Related to but distinct from medical necessity criteria are limits that a state may impose on the benefits that it offers. Federal law requires that each service that a state covers in its Medicaid program must be “sufficient in amount, duration and scope to reasonably achieve its purpose.” However, there is no specific federal standard defining this requirement. Some states impose limitations on the amount, duration and scope of services, including the number of times that a beneficiary can be seen by a physician in a month or the number of drugs that may be prescribed and paid for a person each month.

For mental health services, states often impose limits on the number of outpatient visits or how many units of a service a person may receive each month or over a more extended period. However, states must provide a mechanism for individuals to seek additional care when needed over and above any limits. The imposition of such limits has been the subject of considerable litigation over the years and often is controversial. Such limits frequently are used as cost-containment devices. Some argue they can be counterproductive when they prevent an individual from obtaining vital services and contribute to preventable hospitalization or other negative outcomes. Effective utilization review techniques usually are more effective methods for ensuring that services are cost-effective.

Direct Benefit

Medicaid is a beneficiary-centered program and the services that a state offers must be furnished for the direct benefit of the beneficiary. For example, Medicaid state plan personal assistance services cannot be furnished for the sole purpose of providing respite to family caregivers. While family caregivers might benefit when personal assistance is furnished, the provision of this assistance must be based on the beneficiary’s needs rather than those of the family caregivers. In mental health services, this requirement must be taken into account when a state offers family psychosocial education, as discussed in Chapter 5.


Finally, in proposing a coverage, a state must specify the providers of the service and their required qualifications. Especially with respect to rehabilitative services, states have substantial latitude in establishing provider qualifications.1 A state may require that providers possess and demonstrate critical competencies and capabilities by establishing provider standards and certification processes.
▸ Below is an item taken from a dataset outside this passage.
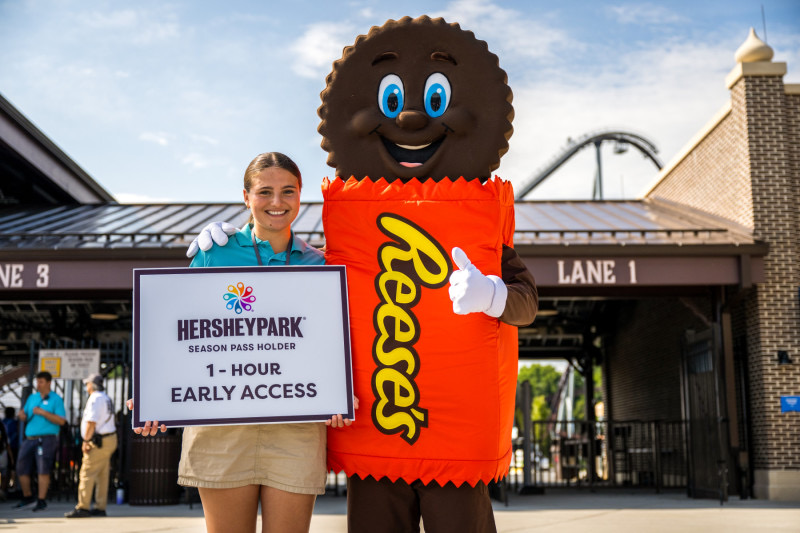 A character and employee welcome guests for Sweet Start.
Such standards obviously must comport with state law, and at the same time, be reasonably related to the requirements of the service itself, and must not arbitrarily disqualify otherwise qualified providers and individuals. For example, in the case of rehabilitative services, it is not permissible for a state to limit the providers of these services to community mental health centers or organizations that also receive funding from the state mental health authority. Any entity or individual who meets a state’s criteria and is willing to furnish Medicaid services must be allowed to become a provider.